The Osteoporosis and Ultrasound (OPUS) population was recruited in five centres (Aberdeen, Berlin, Kiel, Sheffield and Paris) in 1999 to 2001 (“baseline”). The population has been described in detail elsewhere [26], but in brief, all subjects were randomly selected in age-stratified bands. A younger postmenopausal group of women aged 20 to 40 years was recruited (n = 100 from each centre) but was not included in this analysis. For the older postmenopausal group (aged 55 to 80 years) included in this analysis, each centre aimed to recruit 100 subjects in five 5-year age bands. In total, 2,374 older women were included in this analysis. Serum 25(OH)D was measured in a random sub-set (n = 934) by radioimmunoassay (IDS Ltd, Tyne and Wear, UK).
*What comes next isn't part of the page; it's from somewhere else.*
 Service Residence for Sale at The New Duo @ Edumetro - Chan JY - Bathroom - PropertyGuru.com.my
As with the APOSS cohort, we also noted the month the sample was given to allow adjustment for seasonality. Serum PTH (n = 2,269) was analysed using immunoassay (Elecsys 2010 immunoanalyser; Roche Diagnostics GmbH, Mannheim, Germany), with a coefficient of variation of 1.3%. DNA was extracted from whole blood with a modification of the ‘salt-out’ technique (Nucleon II™, Scotlab, Paisley, Scotland). Extracted DNA was suspended at a concentration of 200 μg/ml and stored at −20°C. BsmI and FokI have been genotyped in 1,970 subjects to date using the 5′ nuclease assay (Taqman®; Hoffman-LaRoche, Inc., Nutley, NJ, USA). Falls data were collected using the question “Have you fallen in the last year?” with positive respondents then asked to estimate the number of falls they had suffered.
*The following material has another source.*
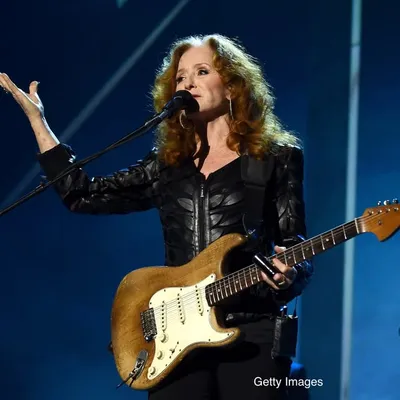 Bonnie Raitt profile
Balance and muscle power were measured. All subjects had grip strength measured using a dynamometer (Takei Grip-D, Takei Scientific, Japan). Measurements were taken twice in both hands and an average noted of the four measurements. The subjects were also asked to get up from a chair (a chair with arms plus a chair without arms). It was noted by the researcher whether the subject was able to get up “easily”, “with some difficulty”, “with difficulty”, “very difficult” or “not possible”. In addition, subjects were asked to walk along a 5-m line marked on the floor without moving off the line. Each subject was asked to walk on the line forwards with normal steps, backwards with normal steps, forwards toe-to-toe and backwards toe-to-toe. The distance at which they stepped off the line was noted (in 10-cm lengths). A ground reaction force plate was used to measure leg force (n = 578). Each subject was asked to stand up quickly, straightening their knees, and sit down immediately. Three measurements were performed and the average used. Measurements recorded were power (kg), force per weight (N/kg), total force (kN), speed (m/s) and total power (kW).

A second visit was completed between 2005 and 2007 (“visit2”) where further examinations/questionnaires were completed. Written informed consent was obtained from all participants. The study was approved by the appropriate ethics committee at each participating centre.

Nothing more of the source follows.